- Traditional Chinese: 陳式
- Simplified Chinese: 陈式

Standard Mandarin
- Hanyu Pinyin: Chén Shì
- Wade–Giles: Chen Shih

Chen Jie
- Traditional Chinese: 陳戒
- Simplified Chinese: 陈戒

Standard Mandarin
- Hanyu Pinyin: Chén Jiè
- Wade–Giles: Chen Chieh

= Chen Shi (Three Kingdoms) =

3rd century Shu Han state general

Chen Shi ( 217–229) was a military officer of the state of Shu Han in the Three Kingdoms period of China. He previously served under the warlord Liu Bei in the late Eastern Han dynasty. His name is sometimes recorded as Chen Jie.

==Life==
Little is recorded about Chen Shi in history. Information about him is scattered throughout the biographies of different persons and across different years in the Records of the Three Kingdoms, the authoritative source for the history of the Three Kingdoms period.

Chen Shi was first mentioned in 217 when he participated in the Hanzhong Campaign under Liu Bei's command. Liu Bei sent him and ten other officers to lead their troops to cut off the enemy's route along the gallery roads at Maminge Path (馬鳴閣道; in present-day Guangyuan, Sichuan). However, they were driven back by Xu Huang, a general under Liu Bei's rival Cao Cao, and many of Liu Bei's soldiers fell off the gallery roads into the deep valleys and died during the attack.

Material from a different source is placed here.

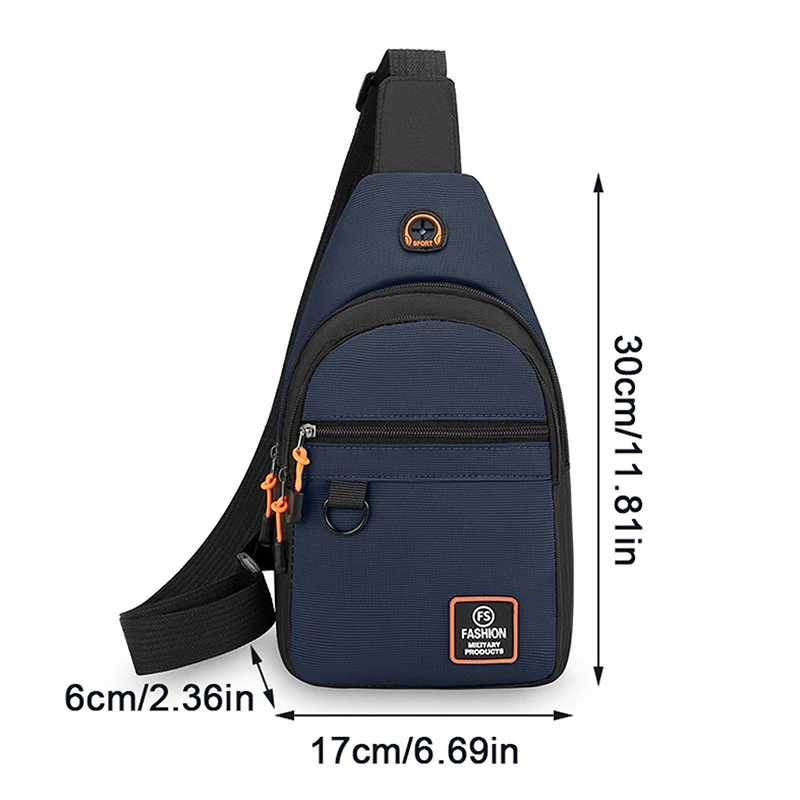 Borsa a tracolla da uomo alla moda Borsa a tracolla leggera in tessuto Oxford Borsa a tracolla da uomo elegante e casual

The second mention of Chen Shi was in 221–222 during the Battle of Xiaoting, which was fought between Liu Bei and his ally-turned-rival, Sun Quan, the founding emperor of the Eastern Wu state. Liu Bei, then already the emperor of the Shu Han state, had amassed an army to attack Sun Quan and seize back Jing Province, which Sun Quan captured from him in 219. In the initial stages of the battle, Liu Bei ordered Chen Shi and Wu Ban to lead the Shu navy and station at Yiling (southeast of present-day Yichang, Hubei) in between the east and west banks of the Yangtze River.

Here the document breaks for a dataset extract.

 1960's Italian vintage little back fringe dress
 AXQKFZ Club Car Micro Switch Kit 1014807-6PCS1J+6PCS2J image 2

Chen Shi was mentioned for the third and last time in 229, during the reign of Liu Bei's son and successor, Liu Shan. He participated in the third of a series of military campaigns led by Shu's chancellor, Zhuge Liang, against Shu's rival state Wei. This is historically known as the Battle of Jianwei. Acting on Zhuge Liang's order, Chen Shi led troops to attack Wudu (武都) and Yinping (陰平) commanderies and conquered them for Shu. The Wei general Guo Huai attempted to seize back the two commanderies from Chen Shi, but retreated after Zhuge Liang had personally led an army from Jianwei (建威) to reinforce Chen Shi. (Note: Chen Shi is erroneously referred to in Zhuge Liang's biography in the Sanguozhi as "Chen Jie" (陳戒).)

==In Romance of the Three Kingdoms==
In the 14th-century historical novel Romance of the Three Kingdoms, Chen Shi was captured at the Battle of Mount Dingjun by Xiahou Yuan's forces, but was released in exchange for Xiahou Shang, who was captured by Liu Bei's forces. In the novel, during Zhuge Liang's third Northern Expedition, after committing a strategic blunder, he tried to push the blame to Wei Yan but Zhuge Liang held him responsible and executed him.